The records below must be written out exactly, with every picture left behind.

****************

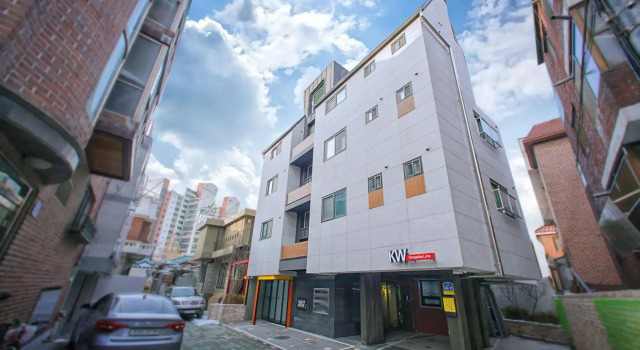KW Hongdae Line Hostel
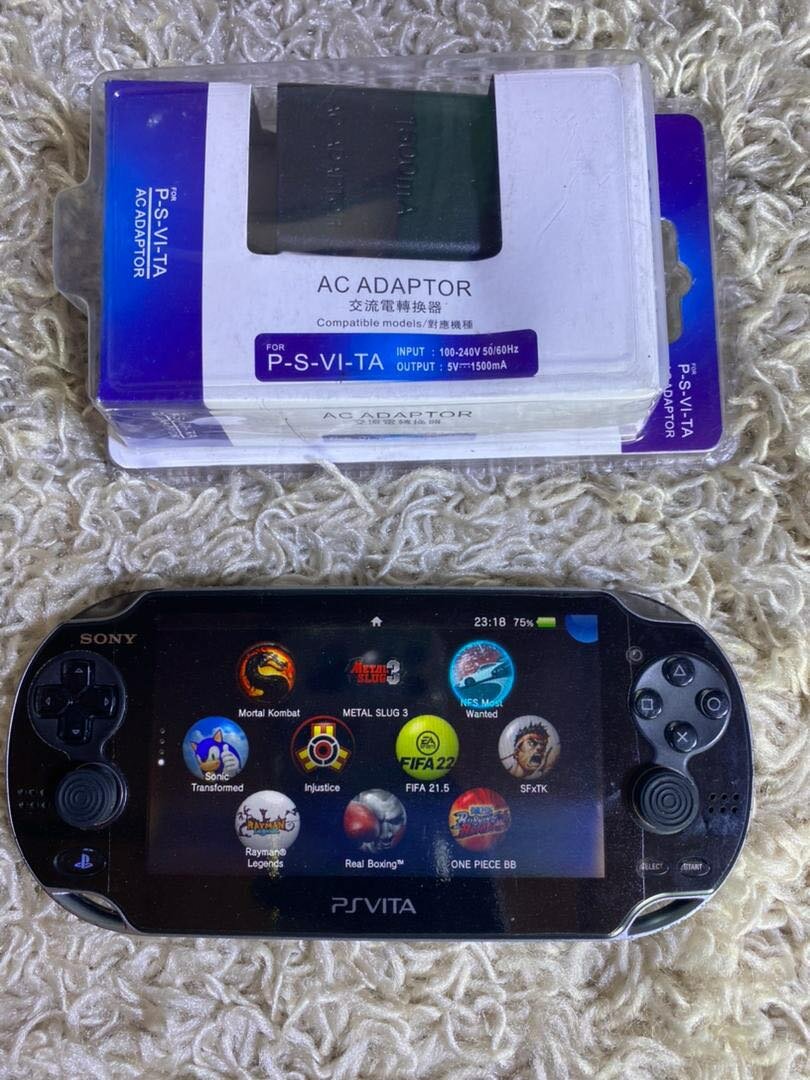 PS vita fat  occasion +20 jeux installés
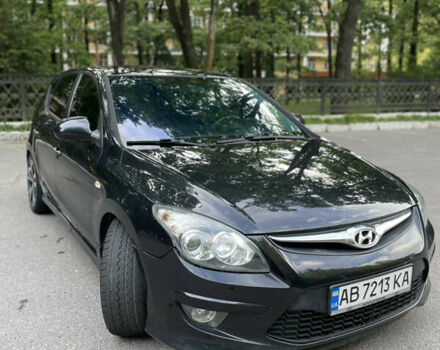 Черный Хендай i30, объемом двигателя 1.58 л и пробегом 285 тыс. км за 6300 $, фото 2 на Automoto.ua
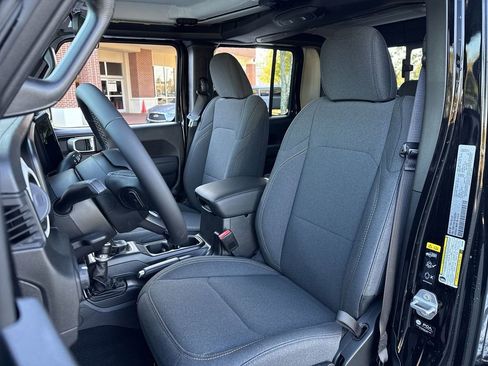 New 2025 Jeep Gladiator Sport AWD/4WD image 11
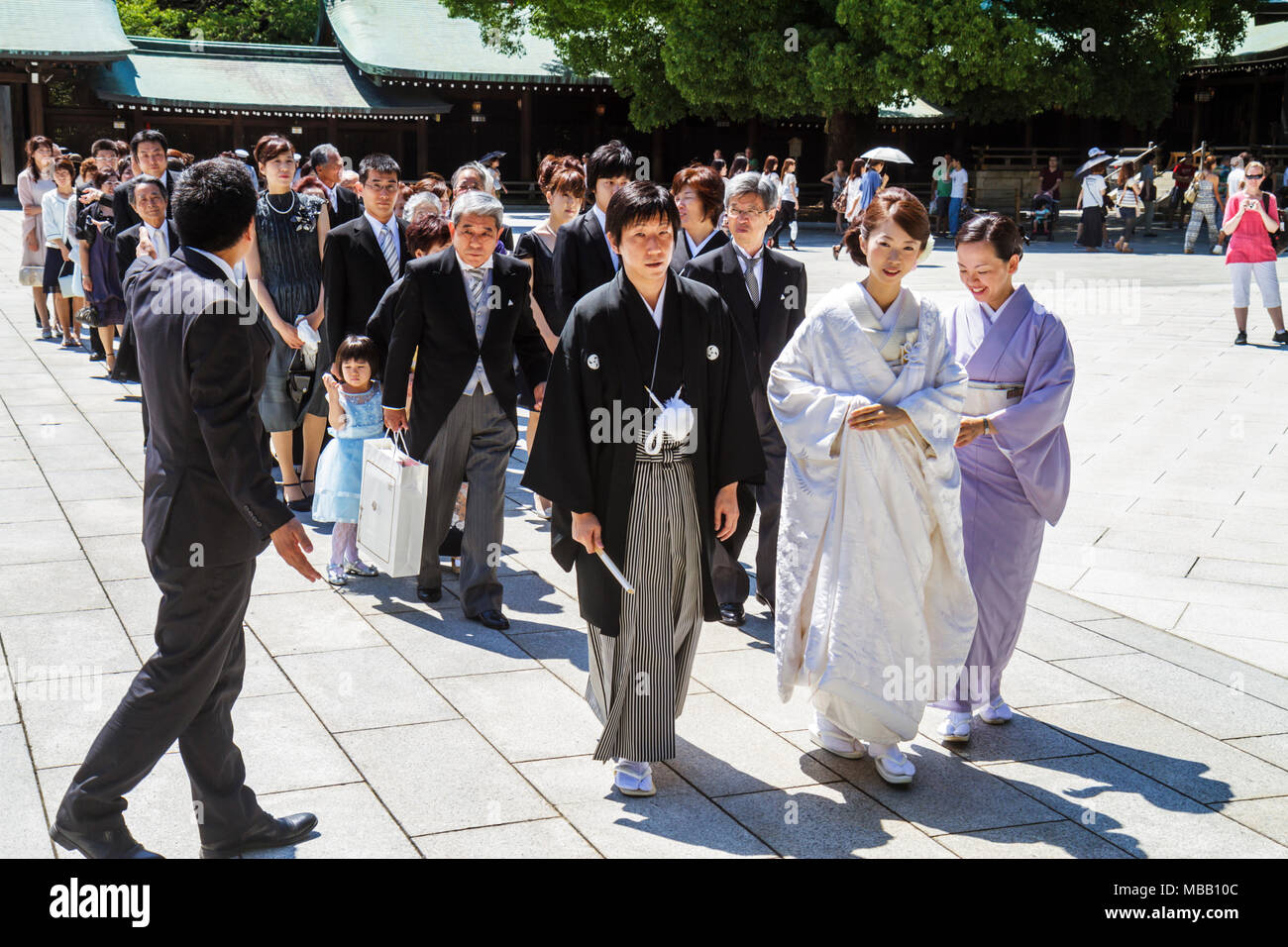 Tokyo Japan,Shibuya ku,Meiji Jingu Shinto Shrine,matrimonio,cerimonia,processione,linea,coda,Asian Oriental,uomini,donne,sposa,sposo,assistenti,Giapponese,Orien Foto Stock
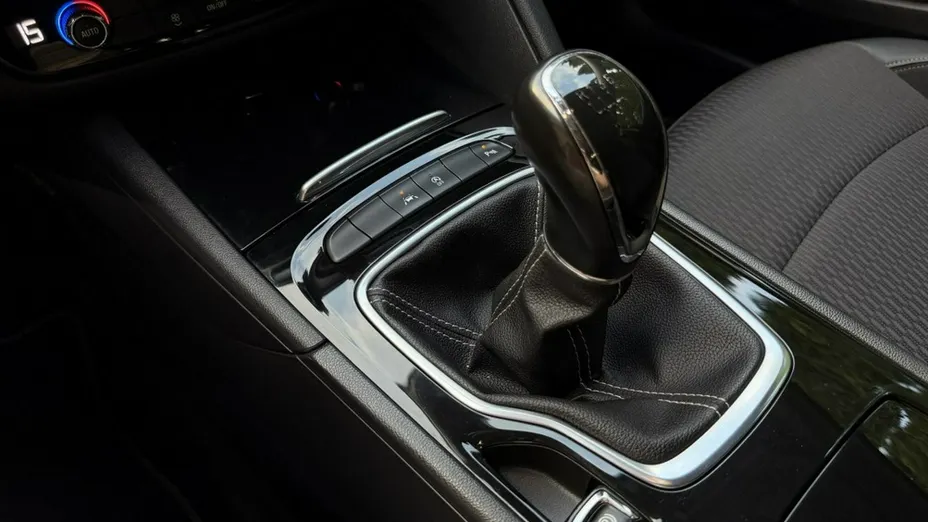 OPEL Insignia -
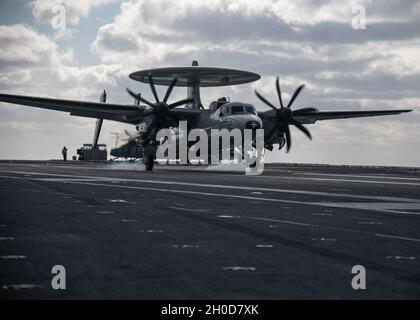 Ein E-2C Hawkeye, der an den „Screwtops“ der Airborne Command and Control Squadron (VAW) 123 befestigt ist, landet auf dem Flugdeck der USS Gerald R. Ford (CVN 78) am 29. Januar 2021. Peters besuchte Ford, um eine Tour zu erhalten und einen Überblick über die Zwischenwartungs- und Flugdeckensysteme von Ford zu erhalten. Stockfoto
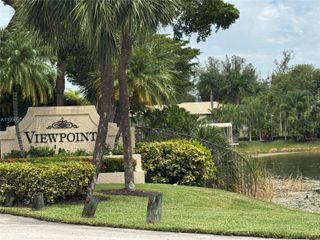 5580 Lakeside Dr 205, Margate, FL 33063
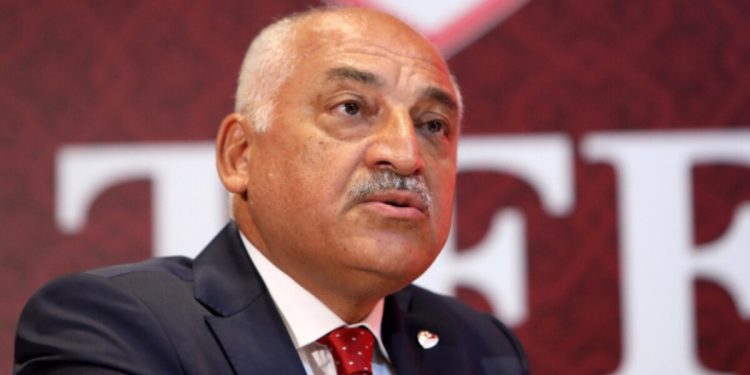 Mehmet Büyükekşi: Kız çocuklarımızı futbola kazandırmak için çalışıyoruz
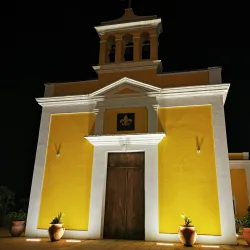 Plaza de Dorado - Dorado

****************

◆ RESULT OF THE EXERCISE ◆
KW Hongdae Line Hostel
 PS vita fat  occasion +20 jeux installés
 Черный Хендай i30, объемом двигателя 1.58 л и пробегом 285 тыс. км за 6300 $, фото 2 на Automoto.ua
 New 2025 Jeep Gladiator Sport AWD/4WD image 11
 Tokyo Japan,Shibuya ku,Meiji Jingu Shinto Shrine,matrimonio,cerimonia,processione,linea,coda,Asian Oriental,uomini,donne,sposa,sposo,assistenti,Giapponese,Orien Foto Stock
 OPEL Insignia -
 Ein E-2C Hawkeye, der an den „Screwtops“ der Airborne Command and Control Squadron (VAW) 123 befestigt ist, landet auf dem Flugdeck der USS Gerald R. Ford (CVN 78) am 29. Januar 2021. Peters besuchte Ford, um eine Tour zu erhalten und einen Überblick über die Zwischenwartungs- und Flugdeckensysteme von Ford zu erhalten. Stockfoto
 5580 Lakeside Dr 205, Margate, FL 33063
 Mehmet Büyükekşi: Kız çocuklarımızı futbola kazandırmak için çalışıyoruz
 Plaza de Dorado - Dorado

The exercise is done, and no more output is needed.